The tone in which my friend uttered this epithet--_le miserable!_--somewhat surprised me, as I knew him to be one of the kindliest men in the world, and singularly free from prejudice. I suspected that a story was coming, and I waited for it in silence.
"Listen," said the notary, after a pause, during which we left the plantation well behind us; "that old sorcerer, as you call him, was born upon the estate, a slave. The estate belonged to M. Floran,--the husband of the lady whom we visited; and she was a cousin, and the marriage was a love-match. They had been married about two years when the revolt occurred (fortunately there were no children),--the black revolt of eighteen hundred and forty-eight. Several planters were murdered; and M. Floran was one of the first to be killed.
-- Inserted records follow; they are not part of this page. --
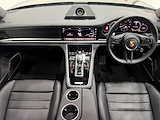 Used Porsche Panamera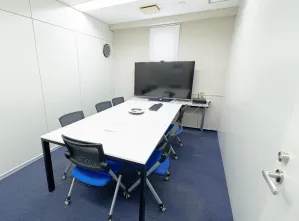職場風景8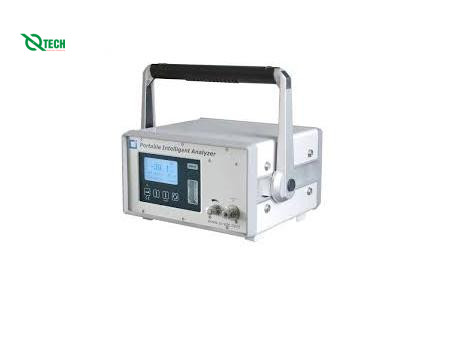 Máy đo nhiệt độ điểm sương Chang AI GEN-25Extended (-100°C~+20°C)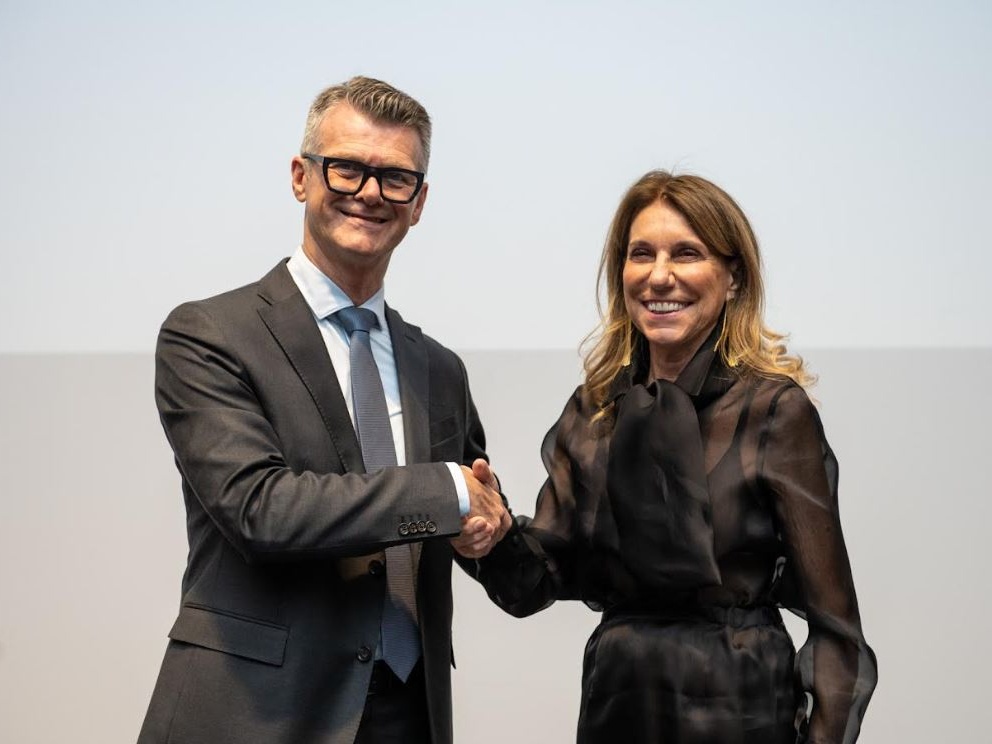 Assomac, Mauro Bergozza nuovo Presidente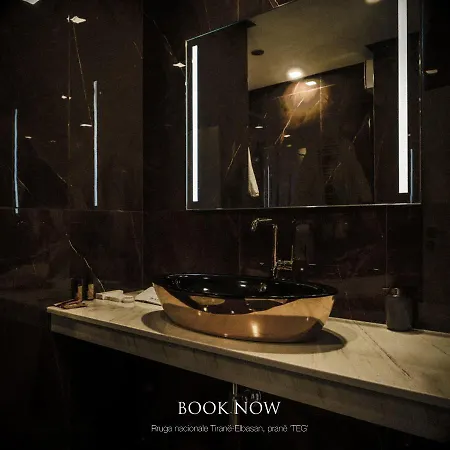 Royal East 4* Mjull-Bathore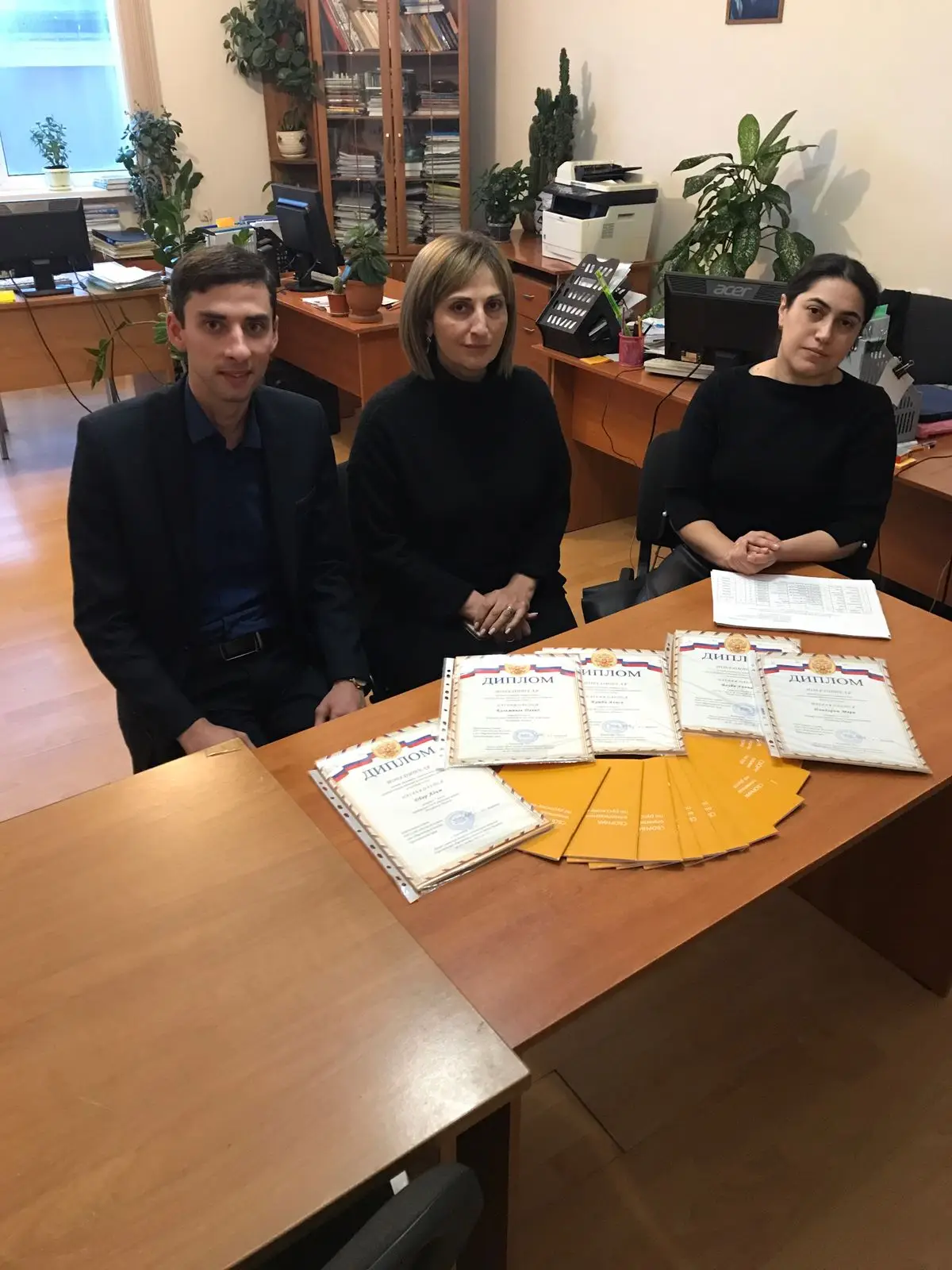 Олимпиада по русскому языку Абхазия 2021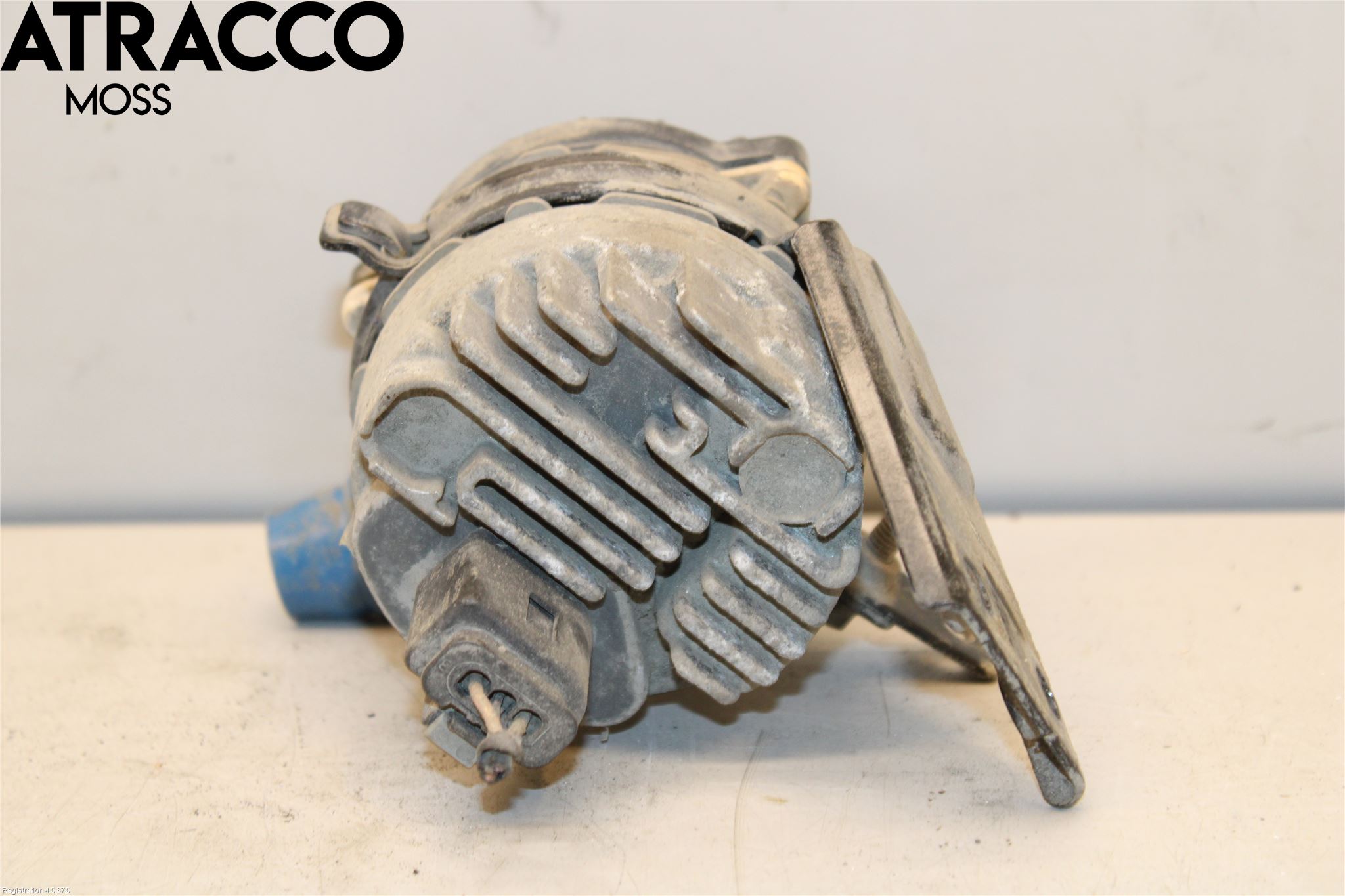 Mercedes-Benz MB EQC (N293) 20- Vannpumpe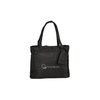 Additional Thumbnail Image 2 - a black bag with a handle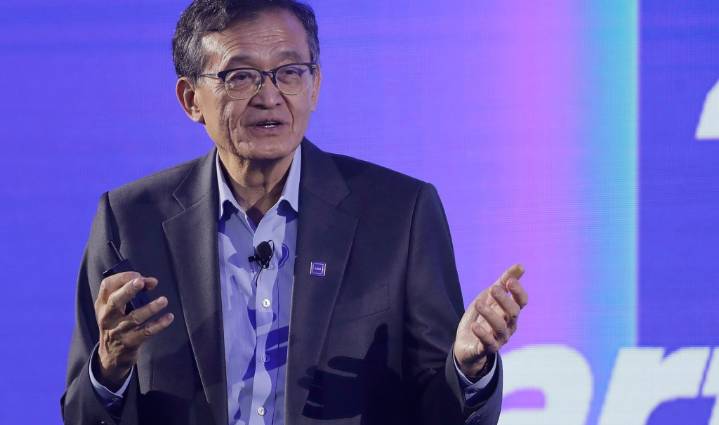 Intel CEO Lip-Bu Tan dogged by decades of China chip bets, board work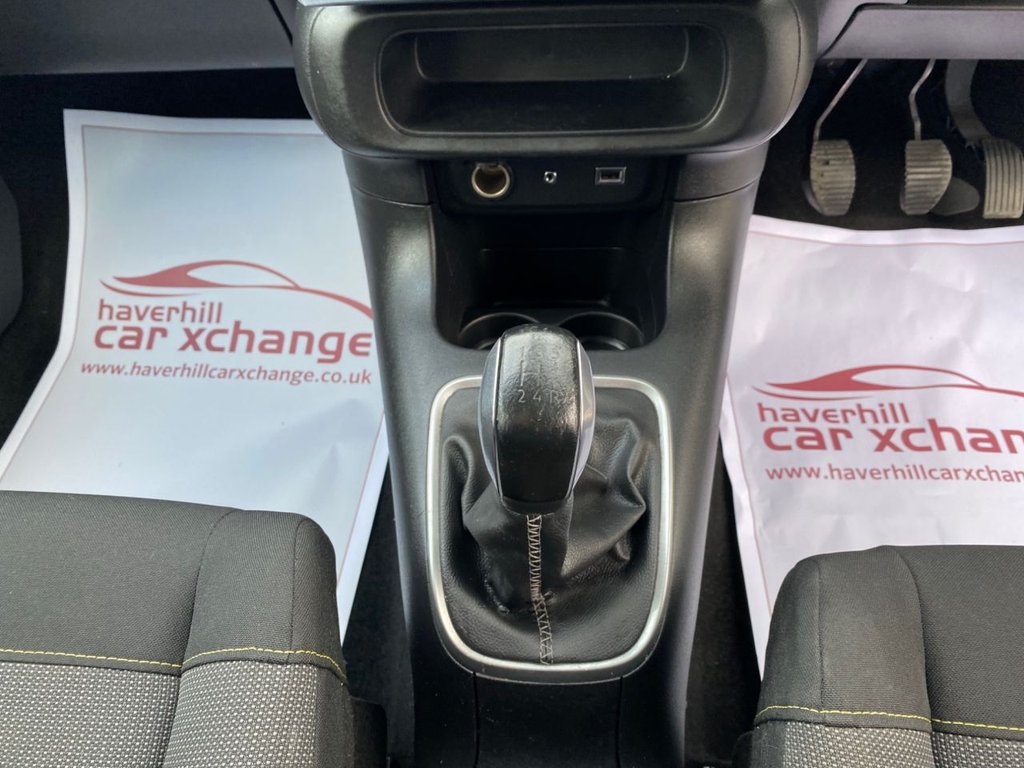 Used Citroen C3 2018 for sale - 77551506: Photo 29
And the old negro whom we saw to-day--the old sorcerer, as you call him--left the plantation, and joined the rising: do you understand?"
"Yes," I said; "but he might have done that through fear of the mob."
"Certainly: the other hands did the same. But it was he that killed M.
Floran,--for no reason whatever,--cut him up with a cutla.s.s. M. Floran was riding home when the attack was made,--about a mile below the plantation.... Sober, that negro would not have dared to face M.
Floran: the scoundrel was drunk, of course,--raving drunk. Most of the blacks had been drinking tafia, with dead wasps in it, to give themselves courage."
"But," I interrupted, "how does it happen that the fellow is still on the Floran plantation?"
"Wait a moment!... When the military got control of the mob, search was made everywhere for the murderer of M. Floran; but he could not be found. He was lying out in the cane,--in M. Floran's cane!--like a field-rat, like a snake. One morning, while the gendarmes were still looking for him, he rushed into the house, and threw himself down in front of Madame, weeping and screaming, '_Ae-yae-yae-yae!--moin te tchoue y! moin te tchoue y!--ae-yae-yae!_' Those were his very words:--'I killed him! I killed him!' And he begged for mercy. When he was asked why he killed M. Floran, he cried out that it was the devil--_diabe-a_--that had made him do it!... Well, Madame forgave him!"
"But how could she?" I queried.
"Oh, she had always been very religious," my friend responded,--"sincerely religious. She only said, 'May G.o.d pardon me as I now pardon you!' She made her servants hide the creature and feed him; and they kept him hidden until the excitement was over. Then she sent him back to work; and he has been working for her ever since. Of course he is now too old to be of any use in the field;--he only takes care of the chickens."
"But how," I persisted, "could the relatives allow Madame to forgive him?"
"Well, Madame insisted that he was not mentally responsible,--that he was only a poor fool who had killed without knowing what he was doing; and she argued that if _she_ could forgive him, others could more easily do the same. There was a consultation; and the relatives decided so to arrange matters that Madame could have her own way."
"But why?"
"Because they knew that she found a sort of religious consolation--a kind of religious comfort--in forgiving the wretch. She imagined that it was her duty as a Christian, not only to forgive him, but to take care of him. We thought that she was mistaken,--but we could understand.... Well, there is an example of what religion can do."...
The surprise of a new fact, or the sudden perception of something never before imagined, may cause an involuntary smile. Unconsciously I smiled, while my friend was yet speaking; and the good notary's brow darkened.
"Ah, you laugh!" he exclaimed,--"you laugh! That is wrong!--that is a mistake!... But you do not believe: you do not know what it is,--the true religion,--the real Christianity!"
Earnestly I made answer:--
"Pardon me! I do believe every word of what you have told me. If I laughed unthinkingly, it was only because I could not help wondering"
"At what?" he questioned gravely.
"At the marvelous instinct of that negro."